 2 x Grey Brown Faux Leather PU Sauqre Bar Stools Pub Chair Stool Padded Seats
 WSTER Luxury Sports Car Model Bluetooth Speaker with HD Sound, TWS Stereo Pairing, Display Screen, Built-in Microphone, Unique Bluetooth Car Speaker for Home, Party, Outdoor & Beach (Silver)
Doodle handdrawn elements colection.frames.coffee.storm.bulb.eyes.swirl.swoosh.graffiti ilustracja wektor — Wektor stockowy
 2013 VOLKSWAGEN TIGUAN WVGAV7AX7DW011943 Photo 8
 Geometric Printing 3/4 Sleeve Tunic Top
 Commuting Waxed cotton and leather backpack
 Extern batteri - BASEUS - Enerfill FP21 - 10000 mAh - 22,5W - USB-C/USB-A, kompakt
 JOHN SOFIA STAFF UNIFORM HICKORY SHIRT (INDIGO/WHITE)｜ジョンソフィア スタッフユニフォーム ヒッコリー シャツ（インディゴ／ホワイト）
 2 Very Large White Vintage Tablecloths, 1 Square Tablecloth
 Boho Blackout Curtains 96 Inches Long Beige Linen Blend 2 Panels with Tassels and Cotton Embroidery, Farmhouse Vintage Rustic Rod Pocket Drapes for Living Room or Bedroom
------------------------------------------------
Task instructions: Your answer should be the full listing, copied exactly.

Exercise solution:
 2 x Grey Brown Faux Leather PU Sauqre Bar Stools Pub Chair Stool Padded Seats
 WSTER Luxury Sports Car Model Bluetooth Speaker with HD Sound, TWS Stereo Pairing, Display Screen, Built-in Microphone, Unique Bluetooth Car Speaker for Home, Party, Outdoor & Beach (Silver)
Doodle handdrawn elements colection.frames.coffee.storm.bulb.eyes.swirl.swoosh.graffiti ilustracja wektor — Wektor stockowy
 2013 VOLKSWAGEN TIGUAN WVGAV7AX7DW011943 Photo 8
 Geometric Printing 3/4 Sleeve Tunic Top
 Commuting Waxed cotton and leather backpack
 Extern batteri - BASEUS - Enerfill FP21 - 10000 mAh - 22,5W - USB-C/USB-A, kompakt
 JOHN SOFIA STAFF UNIFORM HICKORY SHIRT (INDIGO/WHITE)｜ジョンソフィア スタッフユニフォーム ヒッコリー シャツ（インディゴ／ホワイト）
 2 Very Large White Vintage Tablecloths, 1 Square Tablecloth
 Boho Blackout Curtains 96 Inches Long Beige Linen Blend 2 Panels with Tassels and Cotton Embroidery, Farmhouse Vintage Rustic Rod Pocket Drapes for Living Room or Bedroom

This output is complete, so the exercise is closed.